Well, it looks like I am going to make up for the lack of pictures by giving you WAY too many pictures in this post.  Is there a middle ground?  "If there is another way to blog, I do not know it" (almost a quote from a Knight's Tale)

On Thursday Bethany, the girls and I went to Alta Gracia, to the Jesuit "Estancia" um translation...fortlike thingy?  It was a beautiful day, and I love history...and I'm rather fond of these people too ;)  Winner. 


 These are roof tiles.  They are that size because they were made by slaves, who molded them using their thighs.  I will probably say something similar to this later, just because I can't help geeking over it and trying to wrap my head around it....that tile was on someone's leg...300 years ago.  A real person.  Someone was alive then.  I think I have a pretty small mind, because I can't actually imagine that.





Here is a picture of a hallway, and a crooked picture of a window in someone's room.  It overlooks the back courtyard, which I didn't exactly include any pictures of...maybe I will go back and do that at the end.

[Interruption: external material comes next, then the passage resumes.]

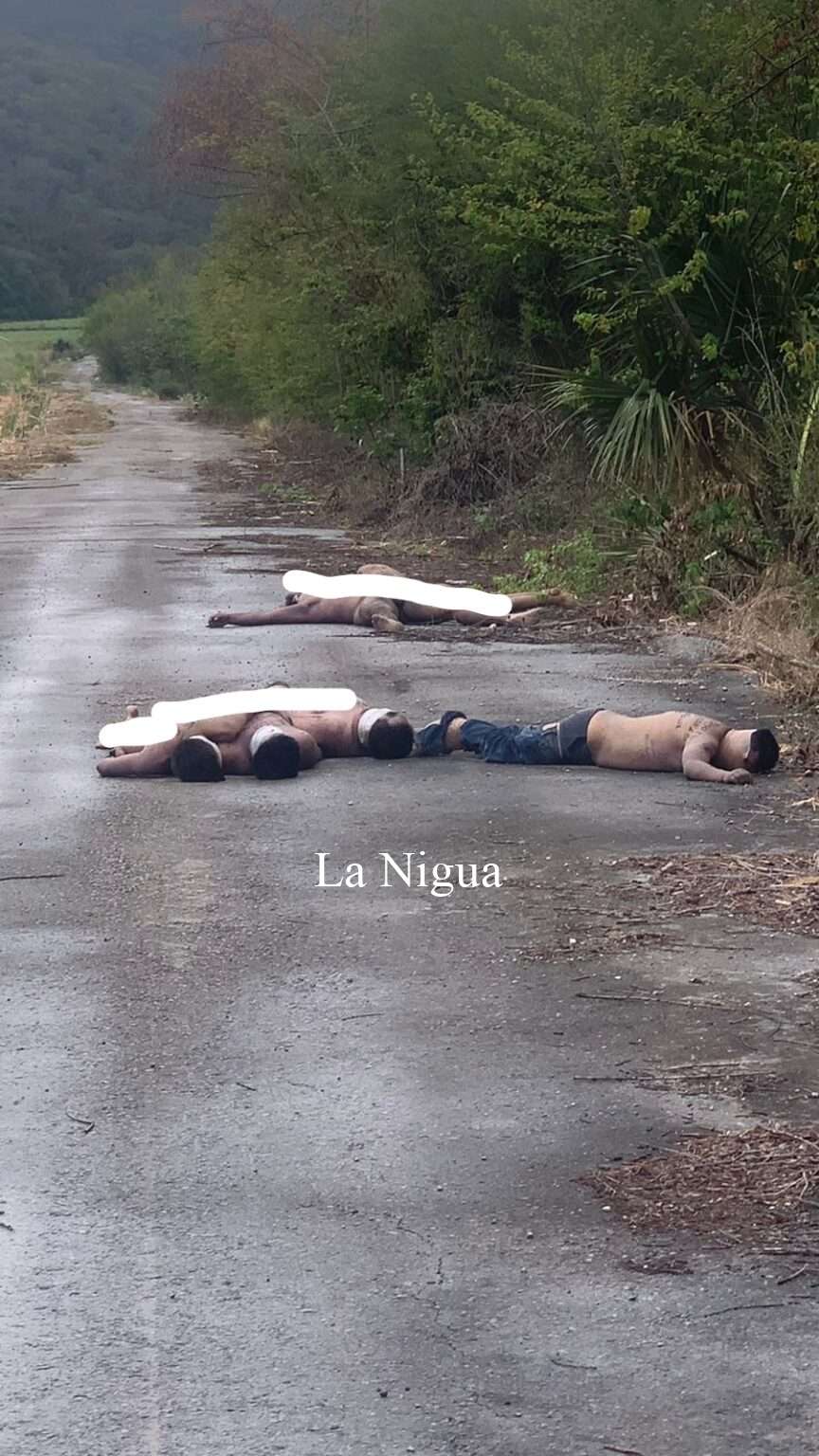 INVESTIGA FISCALÍA DE SLP HALLAZGO DE PERSONAS ABANDONADAS SIN VIDA EN AQUISMÓN*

This wood is over 300 years old, and has been walked on for just that long.  It was so smooth and soft, you wouldn't even believe it.  Here it is again, I warned you:  People actually walked on this!  Real Jesuits who had things on their mind, places to go, reasons to be walking up that step...reasons that were so different than my reason for walking on that very same place.  300 years.  He loves us all, not just all of us today, but all of us then...and even before then...isn't that crazy?!

This is Eli in what is pretty much her natural habitat....a lap :)
 The picture on the right is a classic example of "the picture doesn't do it justice."  I am a sucker for long hallways with archways and sweet breezes.  I wish you could feel what this picture felt like in real life.

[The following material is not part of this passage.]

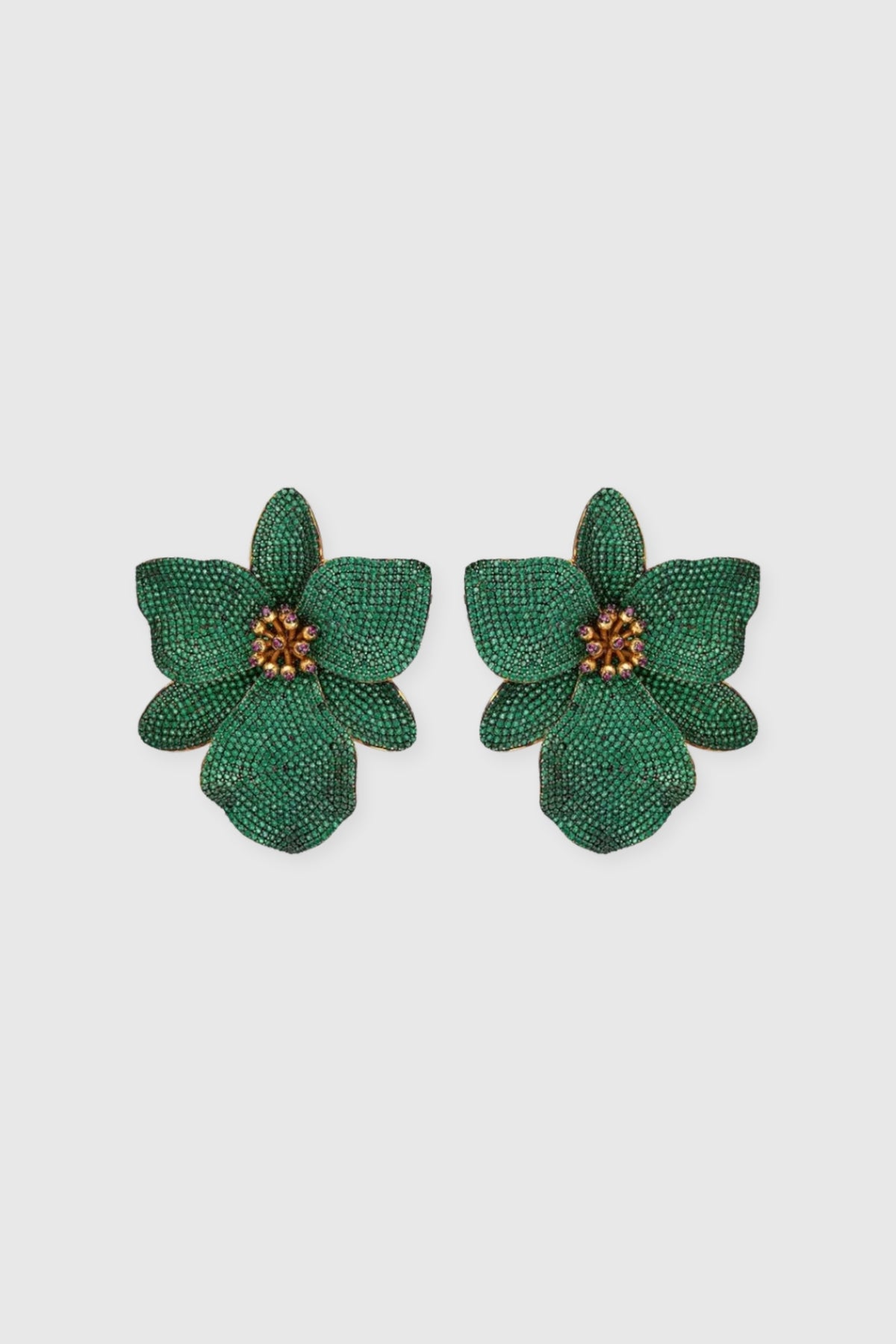 Begüm Khan Singapore Orchid Earrings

I have no idea what kind of tree this is, but I think it is really pretty.  Alta Gracia as a town is quite lovely.  It almost feels like what I imagine streets in Greece, or Italy to be like (I clearly have never been to Europe...those countries may have nothing in common!  ..but they do in my mind) They were cobblestone, somewhat narrow, lined with trees, (but in a dotted line, not a solid line) and there was a general downward slope towards the center of town.  The cute little houses were almost all white, or a buttercream color with red tiled roofs and wrought iron gates. 


Outside of the Estancia Jesuita there is a lake.  The water level is super low since it hasn't rained in so long, but its still quite pretty.  Stone walls....yep.

Alta Gracia attracts a lot of tourists (I saw 3 back-packer hippies from France) This is a hostel where people like them can stay.  Ritzy.  Far cry from Pangea isn't it mom?

These girls :)  Side note:  I am wearing Abi's sweatshirt.  One day I threw it on because she had left it in the kitchen back here and it was a cold walk to the front house.  "It fit me so nice, she said I could keep it" ...pretty much. (Obviously it fits her a lot bigger than it does me) She thought it was so cool that we could "share clothes" that when it came time to put away the laundry she brought this one to my room. "Here, since its cold and you don't have warm clothes, maybe now you don't always have to borrow Mom's clothes" She asked me if I would wear it on this day.  I like Abigail Caceres.  Although, you can pray for us...math has been...rough.


I can't take for granted the wow factor of what it would be like to build something like this using only the tools available to them in the 1700s.  ...whoa.